Китайские колокольчики,
кукол в кокошниках,
кофейные чашки
и тому подобную рождественскую муру
покупаю, заворачиваю в радужные бумажки,
в коробочки — с детской пылкостью, будто без них умру.
Чемодан набит сувенирами под завязку —
пищит молния, взрываются нитками швы.
Я тоже от гордости лопаюсь — сусальную сказку
волоку, как безумная, в Болгарию из Москвы.
И если подруга моя через год позвонит в колокольчик,
что почувствую сквозь эфирный рой голосов?
Так, пустячок, анестезирующий укольчик,
прививку от бездны, ее тикающих часов.
И когда другая глотнет, обжигаясь, кофе,
не вникая в смысл навязанных мною уз,
смуглая капля прочертит пушкинский профиль
на фарфоре питерском — я тоже почую вкус.

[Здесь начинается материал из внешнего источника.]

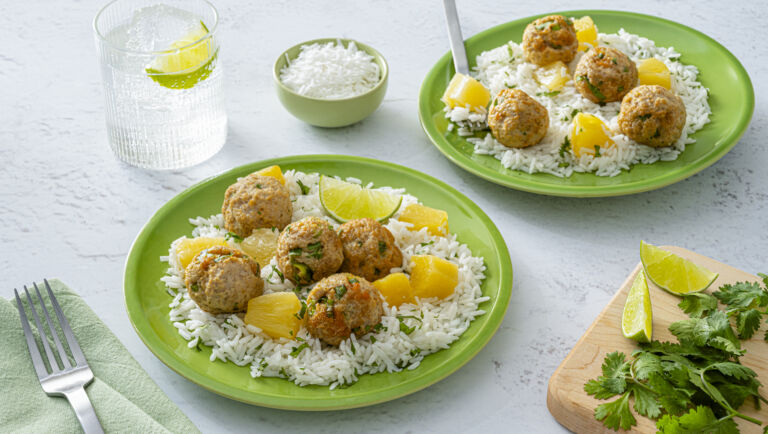 Firecracker Chicken Meatballs & Coconut Pineapple Rice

Одному подарю серебряную улитку,
другому яшмовую сову в лавчонке найду —
и продерну сквозь нашу жизнь блестящую нитку,
и мы вместе выживем в самом глухом аду.
А пока — ехидна зимняя — крутит вьюга
сор цветастый, фантики над пропастью ледяной,
вся эта канитель, мишура нам поможет любить друг друга —
золотой ключик от вечности заводной.